El regimiento de Pavlograd no había tenido en las escaramuzas más que dos heridos; pero el hambre y las enfermedades lo habían reducido a la mitad de sus efectivos. La muerte era tan segura en los hospitales que los soldados, enfermos de fiebre y edemas debidos a los malos alimentos, preferían, aun arrastrándose fatigosamente, permanecer en activo antes que ser llevados al hospital. Al principio de la primavera los soldados descubrieron una planta que se parecía al espárrago, que llamaron, no se sabe por qué, “raíz dulce de María”. Se diseminaban por los campos y las praderas para buscar esa raíz dulce de María (aunque era muy amarga), la desenterraban con los sables y la devoraban a pesar de la prohibición de comer aquella planta nociva. Con la primavera apareció una nueva enfermedad: hinchazón de brazos, piernas y cara, y los médicos la atribuyeron a esa planta. A pesar de todo, los soldados del escuadrón de Denísov seguían comiéndola, porque desde hacía dos semanas se racionaba el pan seco a media libra por persona y las patatas de la última expedición estaban heladas y podridas.

Los caballos llevaban otras dos semanas alimentándose de la paja de las techumbres y habían quedado espantosamente flacos, cubiertos, además, los cuerpos de jirones de pelo invernal enmarañado.

A pesar de toda esta miseria, soldados y oficiales hacían la vida de siempre; con los rostros hinchados y pálidos y los uniformes harapientos, los húsares formaban en filas, limpiaban sus armas y cabalgaduras, arrastraban en vez de heno la paja para los caballos y comían en torno a los calderos, de donde siempre volvían hambrientos, bromeando sobre la mala calidad del rancho y su propia hambruna. Y como siempre, en el tiempo franco de servicio, los soldados encendían hogueras, se calentaban desnudos junto al fuego, fumaban, asaban las patatas heladas y contaban o escuchaban los relatos de las campañas de Potiomkin o de Suvórov o los cuentos maravillosos del pícaro Aliosha o de Mikolka, el criado del pope.

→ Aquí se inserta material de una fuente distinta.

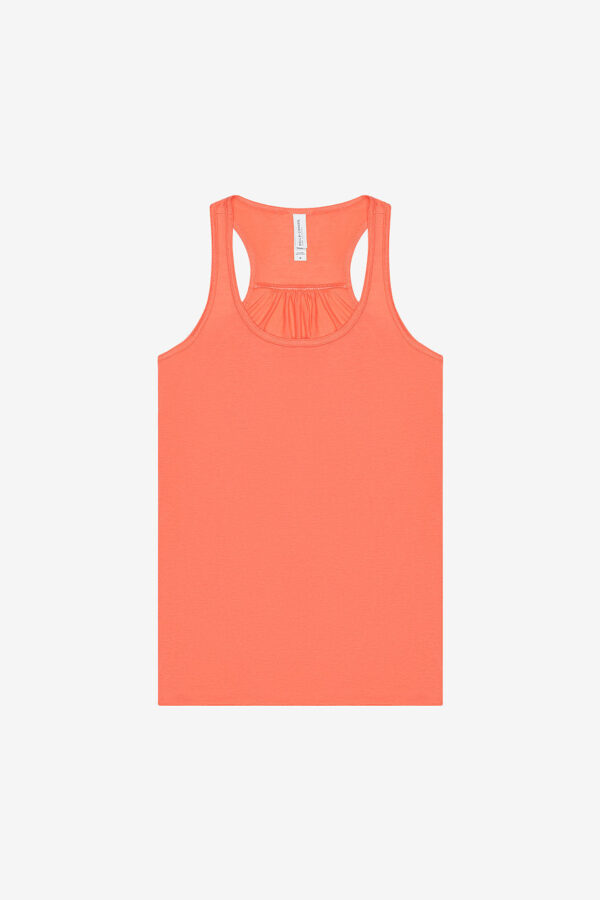 Women's Flowy Racerback Tank - Image 5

Los oficiales, como de costumbre, vivían de dos en dos y de tres en tres en casas sin techumbre y medio derruidas. Los oficiales superiores se ocupaban de conseguir paja y patatas y, en general, del aprovisionamiento de sus hombres; los inferiores, como siempre, jugaban a las cartas (no había alimentos, pero sobraba el dinero) o a juegos inocentes como la petanca y otros. Se hablaba poco sobre la marcha general de la guerra, en parte porque nada positivo se sabía, en parte porque se sospechaba vagamente que no marchaba bien.

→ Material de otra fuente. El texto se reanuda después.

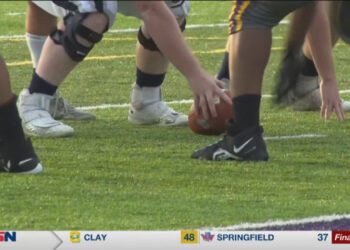 Carey Controls Waite in 42-6 Win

Rostov vivía, como antes, con Denísov; su amistad, después del permiso, se había hecho más estrecha. Denísov no hablaba nunca de su familia, pero el tierno afecto que manifestaba hacia su oficial demostraba a Rostov que el amor infeliz del curtido húsar por Natasha participaba en el incremento de su amistad. Denísov procuraba mantener a Rostov alejado del peligro; lo cuidaba y después de cada acción salía a su encuentro con especial alegría al verlo sano y salvo. En una expedición, Rostov encontró en cierta aldea saqueada y abandonada, donde había ido en busca de víveres, a un viejo polaco con su hija y un niño de pecho. Estaban desnudos, hambrientos y sin medios para marcharse de allí. Rostov los llevó al pueblo en que residía y los alojó con él varias semanas, hasta que el viejo se hubo restablecido. Un compañero de Rostov, hablando de mujeres, comenzó a bromear, diciendo que era más listo que ninguno y que no haría mal en presentarles a la bella polaca salvada por él. Rostov tomó la broma como una ofensa y, enfurecido, dijo al oficial cosas tan duras que Denísov hubo de hacer verdaderos esfuerzos para evitar el duelo. Cuando el oficial se retiró, Denísov, que tampoco sabía la naturaleza de las relaciones de Rostov con la polaca, le reprochó su irascibilidad.

—¿Qué quieres?…— le respondió. —Es como una hermana, no puedes imaginar lo que me ha ofendido, porque… porque…

Denísov le dio un manotazo en la espalda y comenzó a caminar a grandes pasos sin mirar a su compañero, como hacía en los instantes de emoción.

—¡Qué familia de locos sois los Rostov!— dijo.

Y Nikolái advirtió lágrimas en los ojos de Denísov.